Balance sheet remains strong
Goldcorp (GG) has a strong balance sheet compared to its peers. Its net debt remained almost constant at $2.3 billion at the end of fiscal 3Q16 compared to 2Q16. However, during fiscal 2015, it reduced its net debt 24% from $3.1 billion to $2.4 billion. The sale of non-core assets during the year also contributed to this decline.
The company ended the third quarter of 2016 with strong liquidity of $3.4 billion. Of that, the undrawn revolving credit facility accounts for $3 billion.
During its investor day, Goldcorp’s CEO, David Garofalo, mentioned that the balance sheet is fundamental and that the company is trying to further deleverage it. He said that the company is in a “harvest mode” right now. This should enable it to deleverage and releverage when its NuevaUnion project starts building up. It should be a capital-intensive project with the need to raise money.

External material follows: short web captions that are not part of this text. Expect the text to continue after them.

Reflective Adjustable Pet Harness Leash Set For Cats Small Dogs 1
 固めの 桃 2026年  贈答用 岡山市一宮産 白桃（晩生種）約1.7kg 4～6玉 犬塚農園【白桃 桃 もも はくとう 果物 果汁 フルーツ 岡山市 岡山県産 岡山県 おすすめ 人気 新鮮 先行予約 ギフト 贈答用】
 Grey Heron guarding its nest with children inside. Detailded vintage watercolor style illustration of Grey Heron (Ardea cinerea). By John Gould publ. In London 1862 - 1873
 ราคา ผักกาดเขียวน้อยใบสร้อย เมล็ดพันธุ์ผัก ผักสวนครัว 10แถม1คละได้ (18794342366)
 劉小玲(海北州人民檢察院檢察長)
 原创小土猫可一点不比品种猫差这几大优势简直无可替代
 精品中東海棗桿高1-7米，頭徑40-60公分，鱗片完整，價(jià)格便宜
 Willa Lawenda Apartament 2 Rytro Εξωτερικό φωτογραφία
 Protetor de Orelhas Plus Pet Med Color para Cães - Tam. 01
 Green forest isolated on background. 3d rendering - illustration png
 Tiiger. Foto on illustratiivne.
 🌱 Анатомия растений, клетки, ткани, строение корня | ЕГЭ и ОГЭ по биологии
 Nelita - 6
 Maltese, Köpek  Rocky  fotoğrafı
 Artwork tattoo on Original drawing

Right now, due to its low capital intensity, the company is in a strong position to generate significant free cash flow. This should drive its net debt-to-EBITDA[1. earnings before interest, tax, depreciation, and amortization] lower. The company is aiming to drive it down below 1x in 2018.
As the above graph shows, Goldcorp (GG) has the lowest financial leverage in the senior gold miners’ universe (GDX). Barrick Gold (ABX) and Newmont Mining (NEM) come in on the higher end. Investors should, however, note that these companies have significantly reduced their financial leverages over the last few years. Yamana Gold (AUY) and Kinross Gold (KGC) have higher financial leverage than Goldcorp. Goldcorp’s leverage is expected to remain at a lower level than its peers.
The iShares Gold Trust ETF (IAU) and the SPDR Gold Shares ETF (GLD) are two major gold ETFs that track the performance of gold prices. Randgold Resources (GOLD) and Kinross Gold (KGC) form 5% and 4%, respectively, of the Sprott Gold Miners ETF (SGDM).